Re: [PATCH] PR threads/20743: Don't attempt to suspend or resume exited threads.
- From: Luis Machado <lgustavo at codesourcery dot com>
- To: John Baldwin <jhb at freebsd dot org>, <vd at freebsd dot org>
- Cc: <gdb-patches at sourceware dot org>
- Date: Thu, 12 Jan 2017 10:29:00 -0600
- Subject: Re: [PATCH] PR threads/20743: Don't attempt to suspend or resume exited threads.
- Authentication-results: sourceware.org; auth=none
- References: <20161223212842.42715-1-jhb@FreeBSD.org> <2893581.89CAWbS1EM@ralph.baldwin.cx> <20161228080707.GA4007@nitro> <1700771.1OUYESxIQe@ralph.baldwin.cx>
- Reply-to: Luis Machado <lgustavo at codesourcery dot com>
On 12/28/2016 11:37 AM, John Baldwin wrote:
On Wednesday, December 28, 2016 09:07:07 AM Vasil Dimov wrote:
On Tue, Dec 27, 2016 at 13:03:27 -0800, John Baldwin wrote:
I have tried changing fbsd_wait() to return a TARGET_WAITKIND_SPURIOUS
instead of explicitly continuing the process, but that doesn't help, and it
means that the ptid being returned is still T1 in that case.
I'm not sure if I should explicitly be calling delete_exited_threads() in
fbsd_resume() before calling iterate_threads()?
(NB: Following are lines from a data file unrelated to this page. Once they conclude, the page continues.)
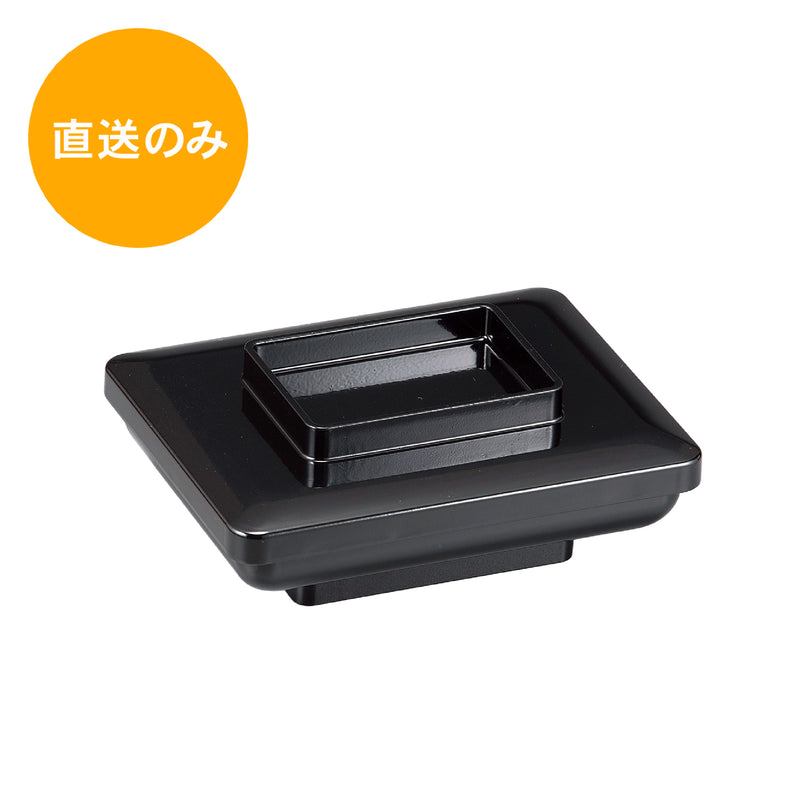 福うなぎ平 黒内朱(蓋親) 40430310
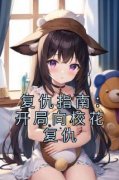 《南安南萍萍》小说章节免费阅读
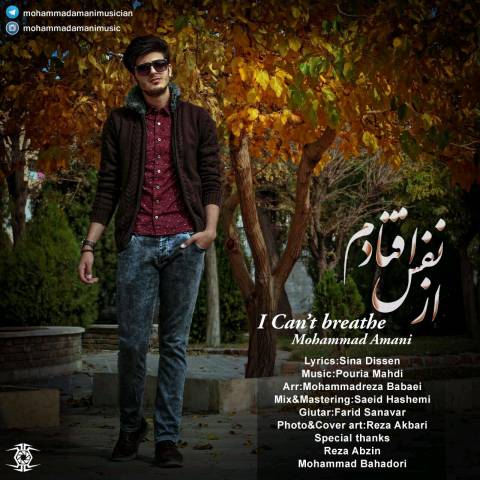 از نفس افتادم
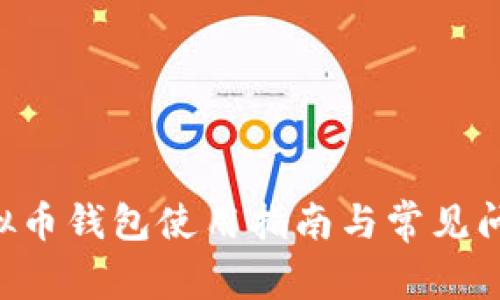 THB虚拟币钱包使用指南与常见问题解答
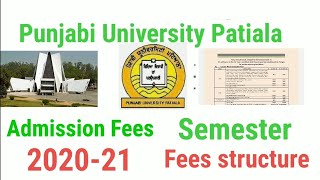 Punjabi University Patiala admission 2021 fees semester  Fees structure only university campus pup [upl. by Gussie271]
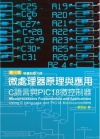 微處理器原理與應用：C語言與PIC18微控制器[2013年...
Alternatively, fbsd_resume()
could use ALL_NONEXITED_THREADS() instead of iterate_threads() (it isn't
clear to me which of these is preferred since both are in use).
I added the assertion for my own sanity. I suspect gdb should never try to
invoke target_resume() with a ptid of an exited thread, but if for some
reason it did the effect on FreeBSD would be a hang since we would suspend
all the other threads and when the process was continued via PT_CONTINUE it
would have nothing to do and would never return from wait(). I'd rather have
gdb fail an assertion in that case rather than hang.
I am not sure if this is related, but since I get a hang I would rather
mention it: with the John's patch (including the assert) gdb does not
emit the "ptrace: No such process" error, but when I attempt to quit,
No, this is a separate bug in the kernel whereby a process doesn't
treat PT_KILL as a detach-like event but incorrectly expects to keep
getting PT_CONTINUE events for a while until it finally exits. I'm
working on writing up regression/unit tests for PT_KILL and then
fixing the bug.
I think the patch is mainly papering over a bigger problem. My guess is
that the native fbsd backend is not doing something it should.
I'd check how linux-nat.c is doing things and then try to confirm the
fbsd behavior is sane.
For example, i noticed linux-nat.c has exit_lwp (...) that handles
deletion of both thread information and the thread itself (lwp). Even if
it is the currently-selected thread, we *will* get the lwp removed from
the list of existing lwp's.
It doesn't make sense to keep a thread that has already exitted in the
list of threads we are manipulating.